Rental data as of January 2025 for studio, 1-bedroom, or 2-bedroom units advertised as for rent on Realtor.com. Rental units include apartments as well as private rentals (condos, townhomes, single-family homes). We use rental sources that reliably report data each month within the 50 largest metropolitan areas.
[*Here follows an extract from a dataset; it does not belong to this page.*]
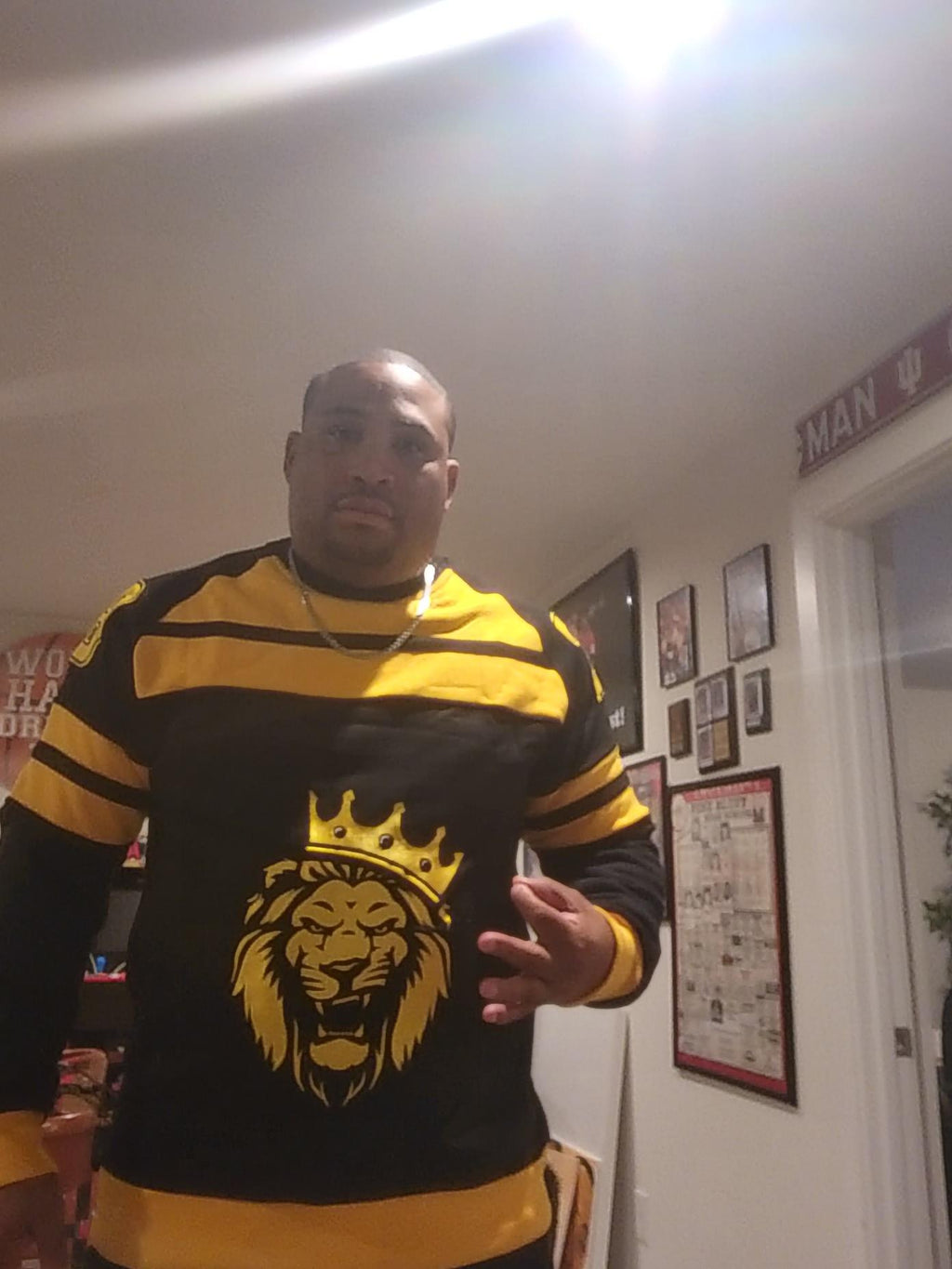 Lion sweatshirt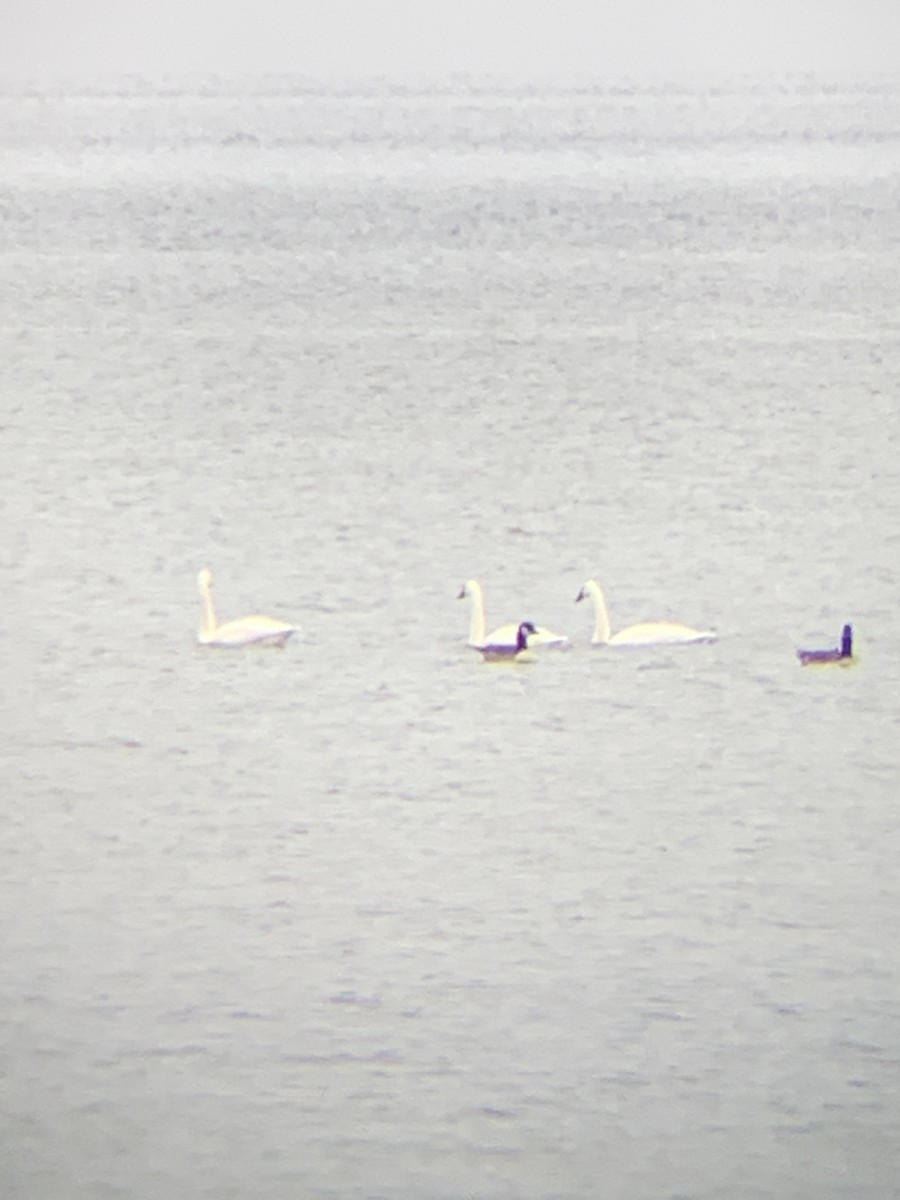 labuť malá - ML627017042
Realtor.com began publishing regular monthly rental trends reports in October 2020 with data history stretching back to March 2019. Metro-level income is sourced from Claritas, and median listing price data comes from Realtor.com listing data. Year-over-year affordability data has been recalculated with updated cost and income figures and is not directly comparable with previous iterations of the rent-versus-buy analysis.